Goal of the exercise —
Each line of the data must be copied exactly.

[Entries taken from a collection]

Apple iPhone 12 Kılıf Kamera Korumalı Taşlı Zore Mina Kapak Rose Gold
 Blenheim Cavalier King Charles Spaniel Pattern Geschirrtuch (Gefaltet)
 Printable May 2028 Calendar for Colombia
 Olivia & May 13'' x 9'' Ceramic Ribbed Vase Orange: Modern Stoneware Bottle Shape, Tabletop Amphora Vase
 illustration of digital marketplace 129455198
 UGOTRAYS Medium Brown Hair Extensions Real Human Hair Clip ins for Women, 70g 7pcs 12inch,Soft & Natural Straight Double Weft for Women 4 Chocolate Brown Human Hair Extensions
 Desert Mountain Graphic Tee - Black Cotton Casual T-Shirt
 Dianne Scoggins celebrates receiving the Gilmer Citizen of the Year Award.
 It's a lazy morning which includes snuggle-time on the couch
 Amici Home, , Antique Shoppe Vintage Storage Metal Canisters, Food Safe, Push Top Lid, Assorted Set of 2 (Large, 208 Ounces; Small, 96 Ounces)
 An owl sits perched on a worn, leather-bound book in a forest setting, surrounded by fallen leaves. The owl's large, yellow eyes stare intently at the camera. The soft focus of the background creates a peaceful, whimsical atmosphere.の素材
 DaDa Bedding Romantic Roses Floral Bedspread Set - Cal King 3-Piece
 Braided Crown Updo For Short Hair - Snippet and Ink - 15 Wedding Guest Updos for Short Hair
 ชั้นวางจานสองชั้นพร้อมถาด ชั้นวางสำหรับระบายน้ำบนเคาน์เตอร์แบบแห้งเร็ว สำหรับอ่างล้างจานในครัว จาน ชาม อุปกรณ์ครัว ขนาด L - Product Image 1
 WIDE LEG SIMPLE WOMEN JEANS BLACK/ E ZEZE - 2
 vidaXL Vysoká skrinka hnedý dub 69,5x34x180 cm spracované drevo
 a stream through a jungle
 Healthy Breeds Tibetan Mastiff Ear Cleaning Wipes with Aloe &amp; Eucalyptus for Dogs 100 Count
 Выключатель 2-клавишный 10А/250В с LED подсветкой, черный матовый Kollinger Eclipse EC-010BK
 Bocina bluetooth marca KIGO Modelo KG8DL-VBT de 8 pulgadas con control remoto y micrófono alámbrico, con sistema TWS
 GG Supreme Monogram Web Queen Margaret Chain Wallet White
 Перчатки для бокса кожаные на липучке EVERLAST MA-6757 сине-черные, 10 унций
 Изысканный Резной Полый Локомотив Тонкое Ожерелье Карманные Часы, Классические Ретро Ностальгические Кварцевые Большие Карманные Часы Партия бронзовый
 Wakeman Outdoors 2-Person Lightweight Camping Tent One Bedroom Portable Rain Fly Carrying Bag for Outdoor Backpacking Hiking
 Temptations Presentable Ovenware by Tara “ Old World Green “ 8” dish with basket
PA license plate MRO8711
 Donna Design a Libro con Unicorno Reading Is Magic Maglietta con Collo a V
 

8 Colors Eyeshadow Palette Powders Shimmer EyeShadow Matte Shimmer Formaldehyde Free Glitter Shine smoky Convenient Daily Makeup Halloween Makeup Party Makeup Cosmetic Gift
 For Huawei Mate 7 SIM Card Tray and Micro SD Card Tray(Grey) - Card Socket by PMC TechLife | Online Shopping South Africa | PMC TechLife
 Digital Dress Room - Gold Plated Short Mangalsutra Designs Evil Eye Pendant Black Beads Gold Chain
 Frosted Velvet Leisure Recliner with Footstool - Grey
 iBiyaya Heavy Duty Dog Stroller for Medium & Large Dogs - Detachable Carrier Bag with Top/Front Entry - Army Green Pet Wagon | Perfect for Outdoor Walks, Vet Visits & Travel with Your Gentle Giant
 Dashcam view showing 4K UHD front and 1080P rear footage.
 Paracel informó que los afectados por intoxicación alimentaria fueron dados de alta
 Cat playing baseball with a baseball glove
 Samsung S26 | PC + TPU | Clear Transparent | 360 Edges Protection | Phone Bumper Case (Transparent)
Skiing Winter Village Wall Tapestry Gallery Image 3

Exercise answer —
Apple iPhone 12 Kılıf Kamera Korumalı Taşlı Zore Mina Kapak Rose Gold
 Blenheim Cavalier King Charles Spaniel Pattern Geschirrtuch (Gefaltet)
 Printable May 2028 Calendar for Colombia
 Olivia & May 13'' x 9'' Ceramic Ribbed Vase Orange: Modern Stoneware Bottle Shape, Tabletop Amphora Vase
 illustration of digital marketplace 129455198
 UGOTRAYS Medium Brown Hair Extensions Real Human Hair Clip ins for Women, 70g 7pcs 12inch,Soft & Natural Straight Double Weft for Women 4 Chocolate Brown Human Hair Extensions
 Desert Mountain Graphic Tee - Black Cotton Casual T-Shirt
 Dianne Scoggins celebrates receiving the Gilmer Citizen of the Year Award.
 It's a lazy morning which includes snuggle-time on the couch
 Amici Home, , Antique Shoppe Vintage Storage Metal Canisters, Food Safe, Push Top Lid, Assorted Set of 2 (Large, 208 Ounces; Small, 96 Ounces)
 An owl sits perched on a worn, leather-bound book in a forest setting, surrounded by fallen leaves. The owl's large, yellow eyes stare intently at the camera. The soft focus of the background creates a peaceful, whimsical atmosphere.の素材
 DaDa Bedding Romantic Roses Floral Bedspread Set - Cal King 3-Piece
 Braided Crown Updo For Short Hair - Snippet and Ink - 15 Wedding Guest Updos for Short Hair
 ชั้นวางจานสองชั้นพร้อมถาด ชั้นวางสำหรับระบายน้ำบนเคาน์เตอร์แบบแห้งเร็ว สำหรับอ่างล้างจานในครัว จาน ชาม อุปกรณ์ครัว ขนาด L - Product Image 1
 WIDE LEG SIMPLE WOMEN JEANS BLACK/ E ZEZE - 2
 vidaXL Vysoká skrinka hnedý dub 69,5x34x180 cm spracované drevo
 a stream through a jungle
 Healthy Breeds Tibetan Mastiff Ear Cleaning Wipes with Aloe &amp; Eucalyptus for Dogs 100 Count
 Выключатель 2-клавишный 10А/250В с LED подсветкой, черный матовый Kollinger Eclipse EC-010BK
 Bocina bluetooth marca KIGO Modelo KG8DL-VBT de 8 pulgadas con control remoto y micrófono alámbrico, con sistema TWS
 GG Supreme Monogram Web Queen Margaret Chain Wallet White
 Перчатки для бокса кожаные на липучке EVERLAST MA-6757 сине-черные, 10 унций
 Изысканный Резной Полый Локомотив Тонкое Ожерелье Карманные Часы, Классические Ретро Ностальгические Кварцевые Большие Карманные Часы Партия бронзовый
 Wakeman Outdoors 2-Person Lightweight Camping Tent One Bedroom Portable Rain Fly Carrying Bag for Outdoor Backpacking Hiking
 Temptations Presentable Ovenware by Tara “ Old World Green “ 8” dish with basket
PA license plate MRO8711
 Donna Design a Libro con Unicorno Reading Is Magic Maglietta con Collo a V
 

8 Colors Eyeshadow Palette Powders Shimmer EyeShadow Matte Shimmer Formaldehyde Free Glitter Shine smoky Convenient Daily Makeup Halloween Makeup Party Makeup Cosmetic Gift
 For Huawei Mate 7 SIM Card Tray and Micro SD Card Tray(Grey) - Card Socket by PMC TechLife | Online Shopping South Africa | PMC TechLife
 Digital Dress Room - Gold Plated Short Mangalsutra Designs Evil Eye Pendant Black Beads Gold Chain
 Frosted Velvet Leisure Recliner with Footstool - Grey
 iBiyaya Heavy Duty Dog Stroller for Medium & Large Dogs - Detachable Carrier Bag with Top/Front Entry - Army Green Pet Wagon | Perfect for Outdoor Walks, Vet Visits & Travel with Your Gentle Giant
 Dashcam view showing 4K UHD front and 1080P rear footage.
 Paracel informó que los afectados por intoxicación alimentaria fueron dados de alta
 Cat playing baseball with a baseball glove
 Samsung S26 | PC + TPU | Clear Transparent | 360 Edges Protection | Phone Bumper Case (Transparent)
Skiing Winter Village Wall Tapestry Gallery Image 3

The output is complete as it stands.